Our objective is to lift a 2D (pixel coordinate) skeleton sequence to accurate 3D pose sequences. To this end, we propose the MotionAGFormer architecture, which uses both attention (Transformer) and graph convolutional (GCNFormer) to lift motion sequences. An overview of this architecture is shown in Figure 2a.

The model takes a 2D input sequence with confidence score $\mathbf{X}\in\mathbb{R}^{T\times J\times 3}$ , where $T$ and $J$ refer to the number of frames and joint numbers, respectively.
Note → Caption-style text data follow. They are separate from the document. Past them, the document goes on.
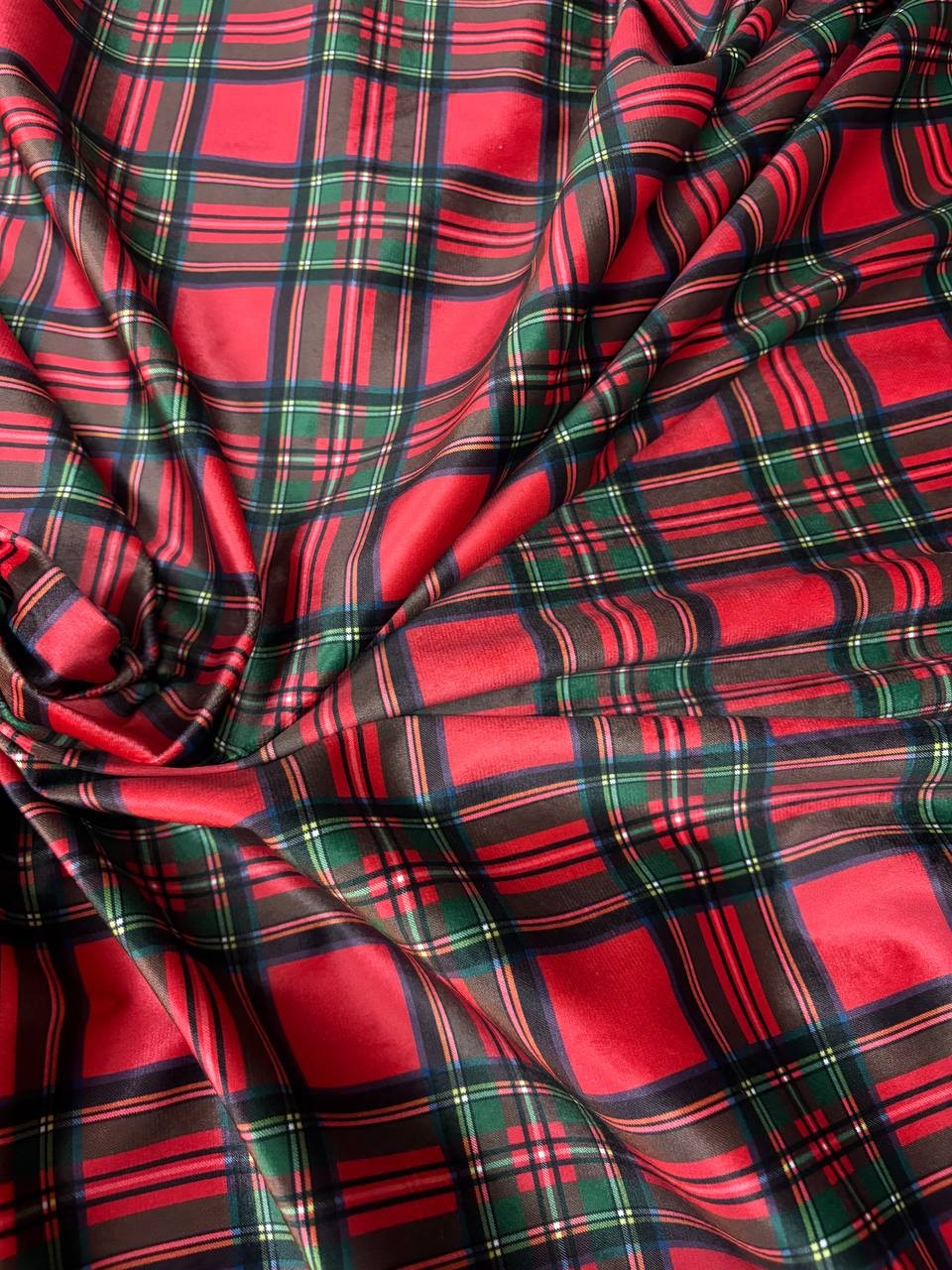 Velluto SCOZZESE TARTAN (OFFERTA)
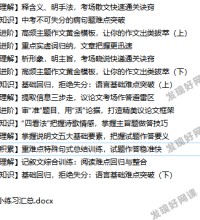 石雪峰初二语文下学期综合辅导直播课程-文件截图(3)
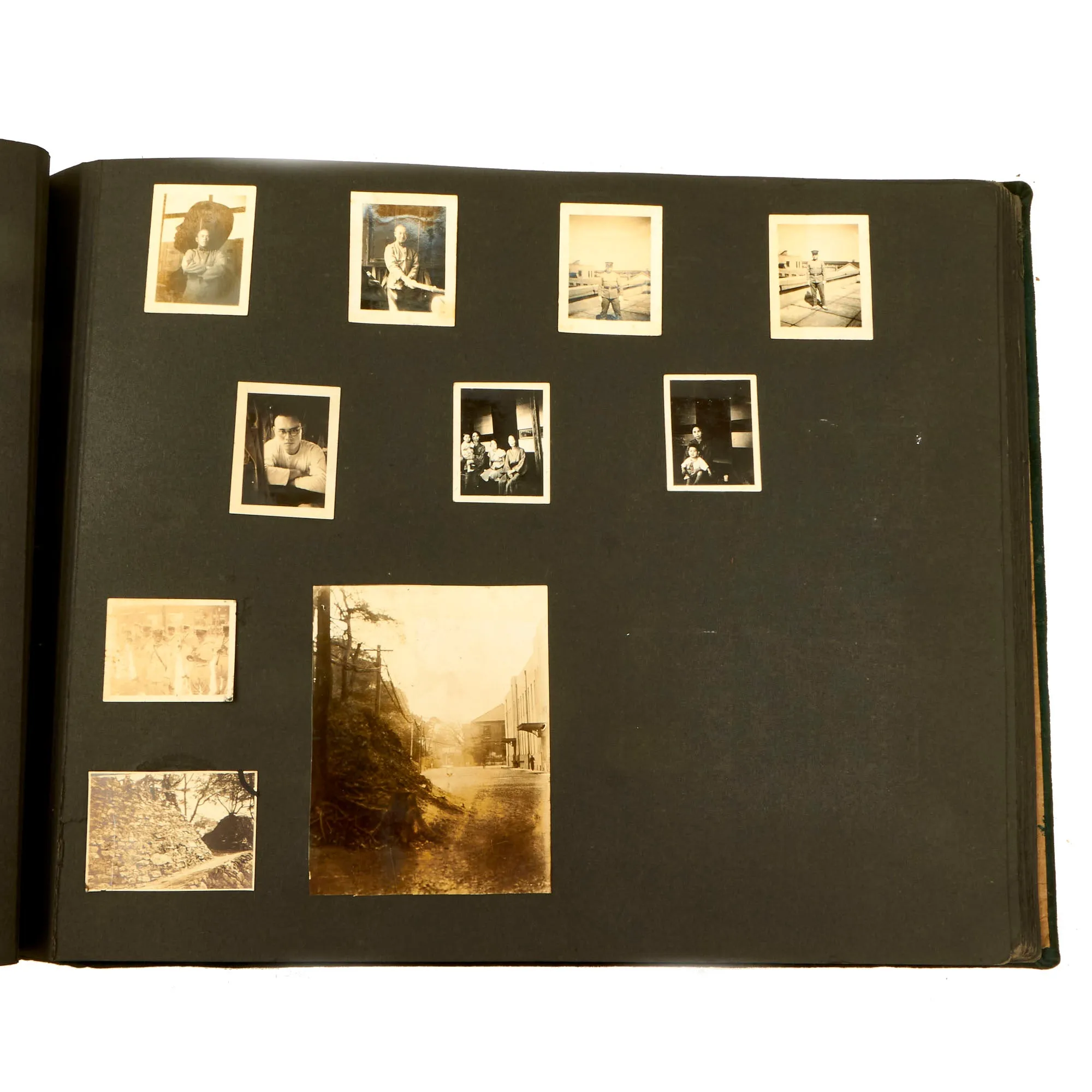 Original Imperial Japanese Second Sino-Japanese War Era 78th Infantry Regiment “Memories” Unit Photo Album - 300 Photos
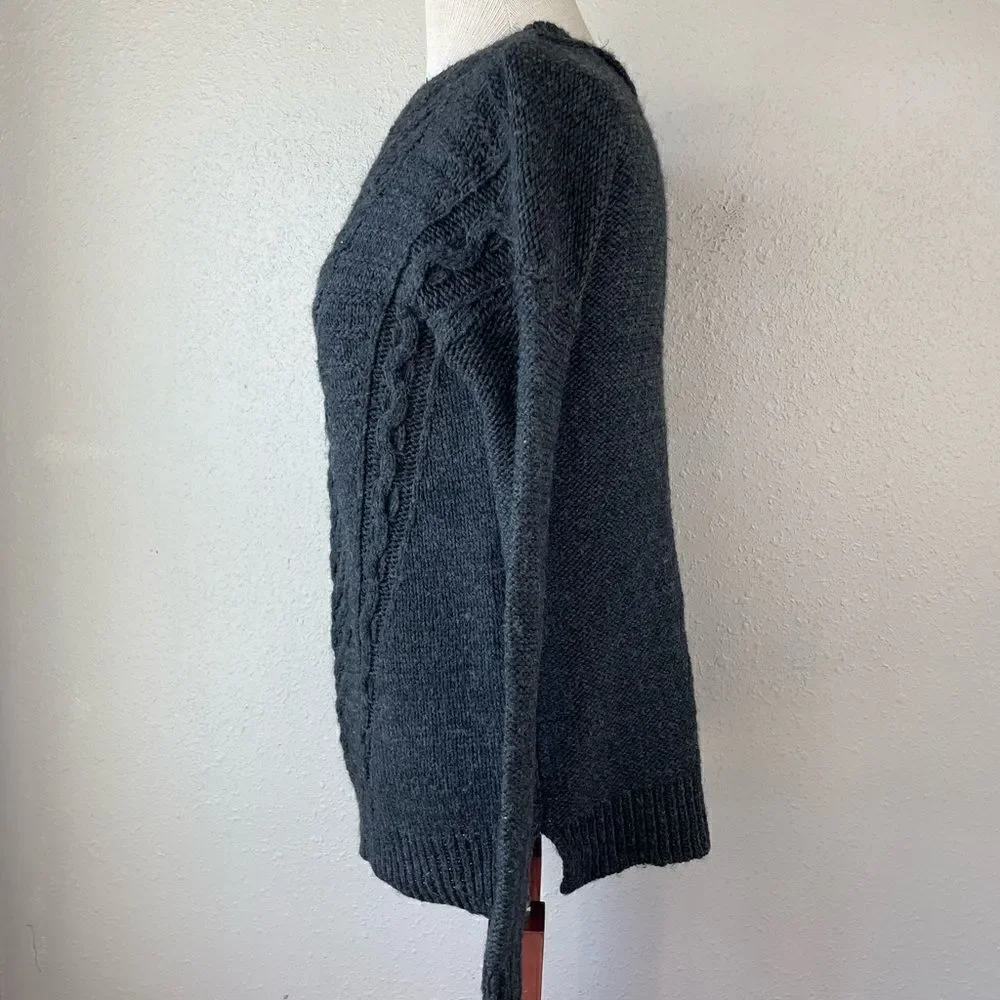 American Eagle Charcoal Gray Wool Blend Sweater Size XS EUC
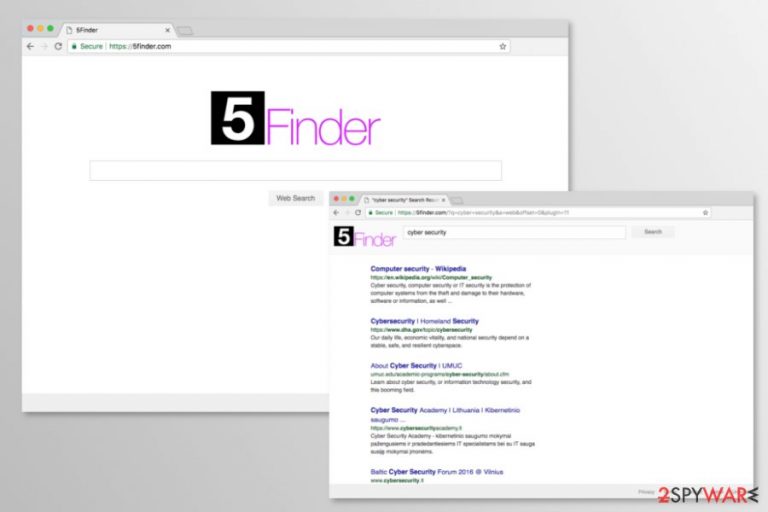 Screenshot of 5finder.com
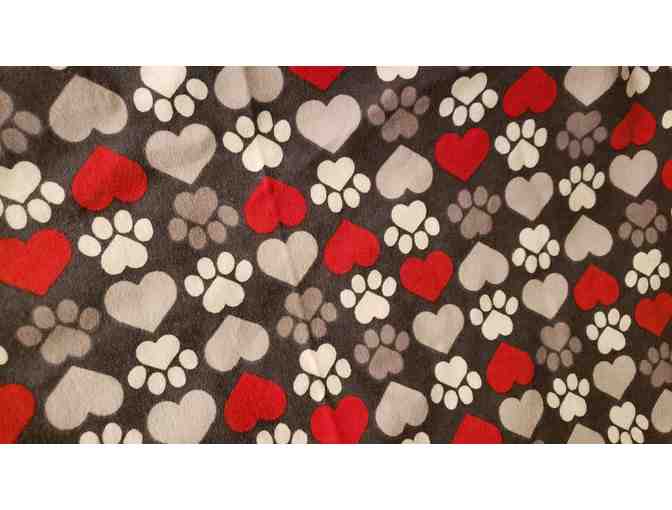 Blanket - Dog or Baby Blanket of 100% Cotton Flannel - Grey background!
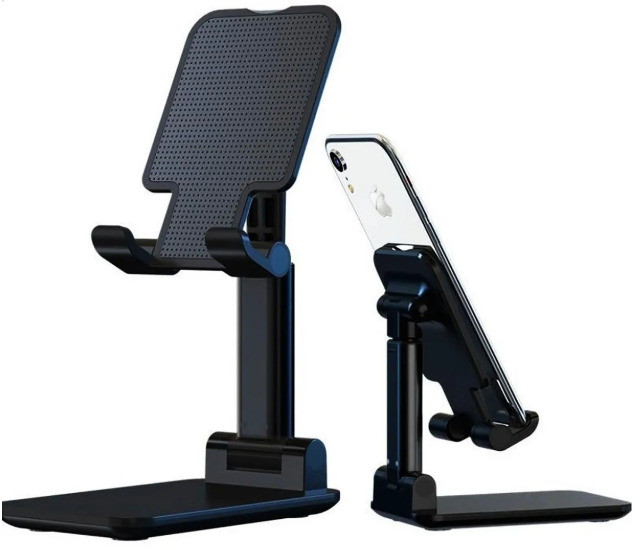 Suporte Celular Smartphone Mesa Universal Ajustavel Preto - Foto 2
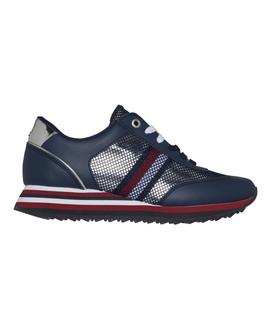 ZAPATILLAS TOMMY CORPORATE FLAG SNEAKER NAVY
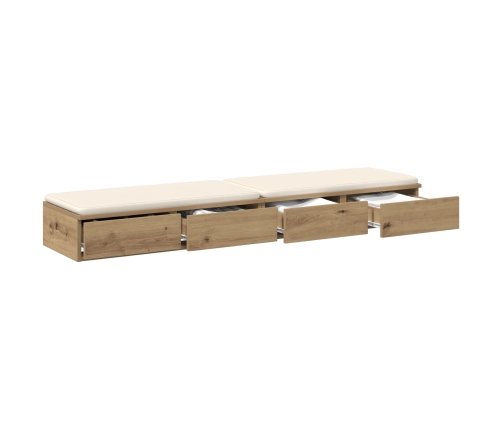 Mesa de Noche Roble Madera 150 x 36.5 x 16.5 cm Mesa de Noche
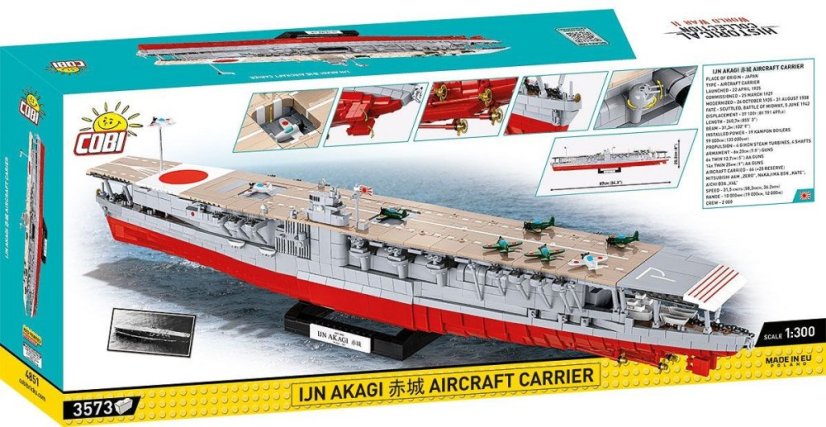 Japonská letadlová loď IJN AKAGI - Plastová stavebnice COBI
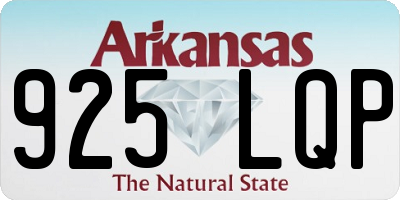 AR license plate 925LQP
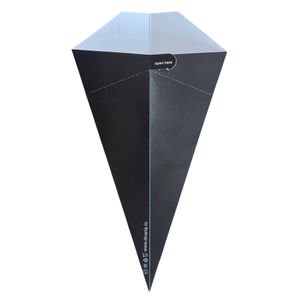 Cornete negre pentru gofre 100 buc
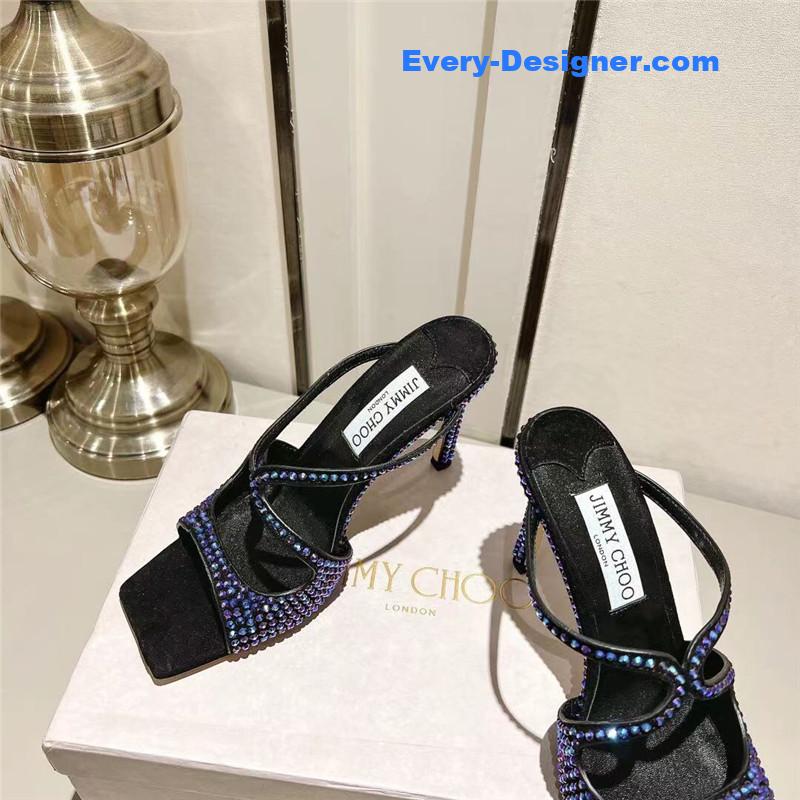 j1m*y ch00 hot D1am0nd series high-heeled sandals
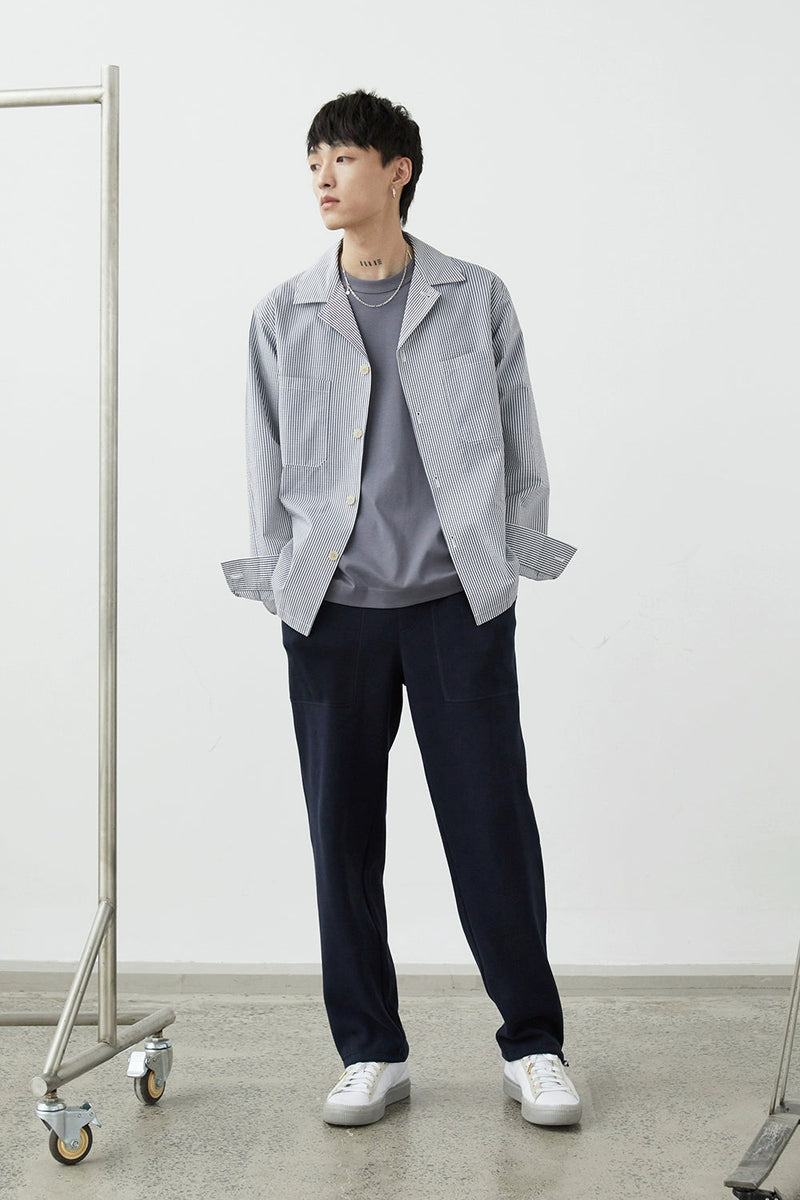 Drawstring Wide-leg Athletic Pants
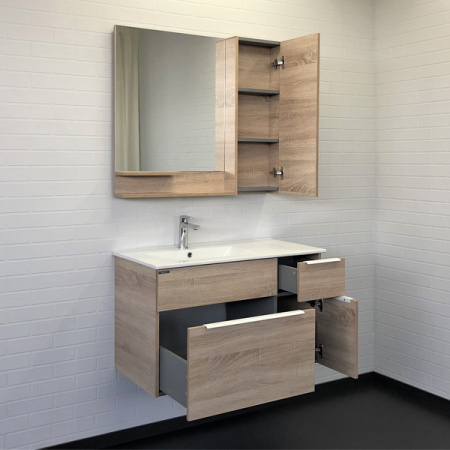 Зеркало-шкаф Comforty Варна-90 00-00009918 фото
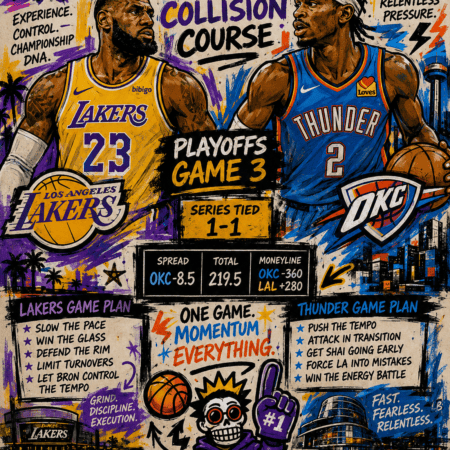 Lakers vs Thunder: Oklahoma City Smells Blood as LeBron Faces a Defining Playoff Night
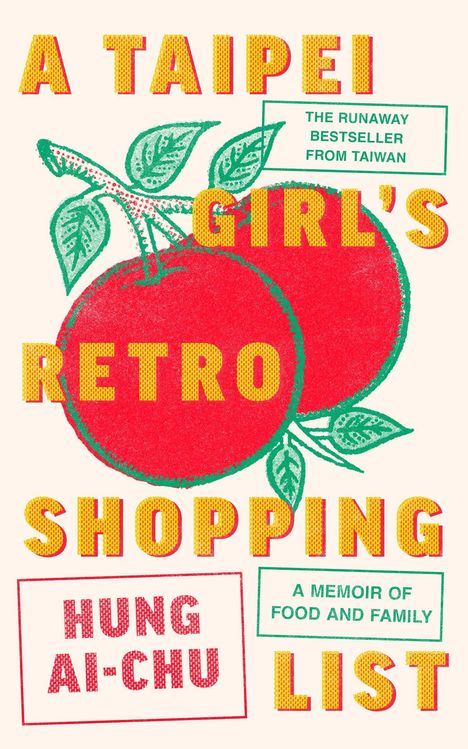 „Cover to be revealed“, „Hung Ai-Chu“, „A Taipei Girl’s Retro Shopping List“ auf rotem Hintergrund, darunter ein Logo.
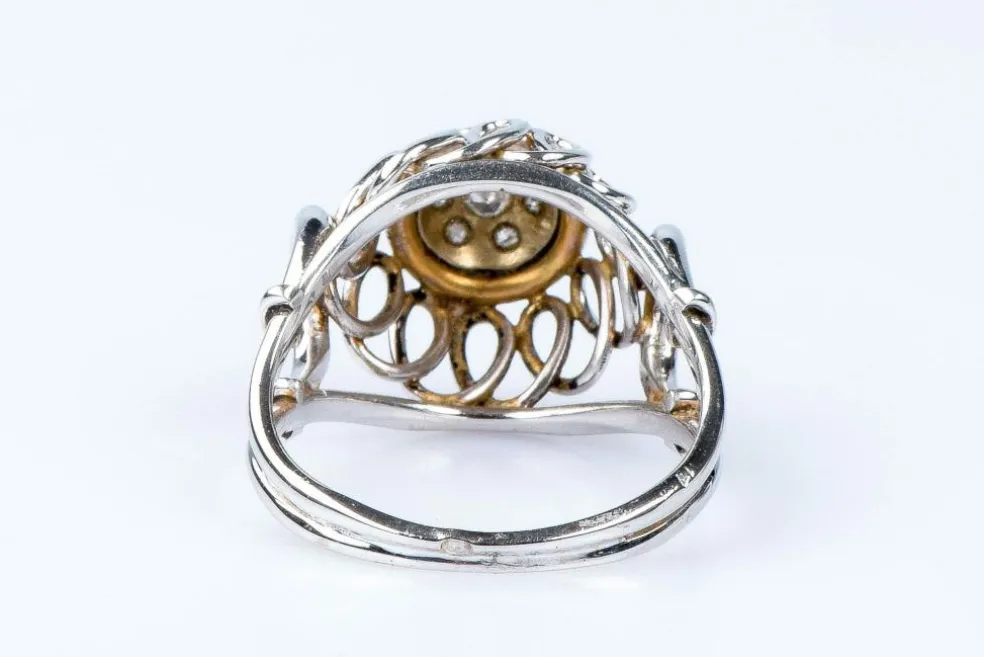 Bague 7 diamants en or blanc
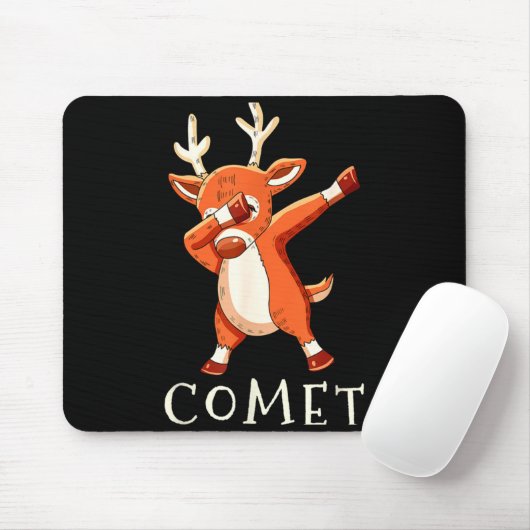 Tapis De Souris Comet Santas Reindeers Family Matching Outfit Chri (Avec souris)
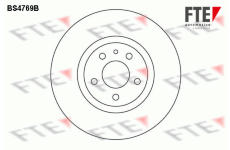 Brzdový kotouč FTE 9082330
It then proceeds to map each joint in each time frame to a $d$ -dimensional feature, $\mathbf{F}^{(0)}\in\mathbb{R}^{T\times J\times d}$ , using a linear projection layer. Then a spatial position embedding $\mathbf{P_{pos}^{s}}\in\mathbb{R}^{1\times J\times d}$ is added to the tokens. It is important to highlight here that our model does not disregard the temporal token order as that information is preserved in the GCNFormer stream (further discussion in ablation studies 4.5).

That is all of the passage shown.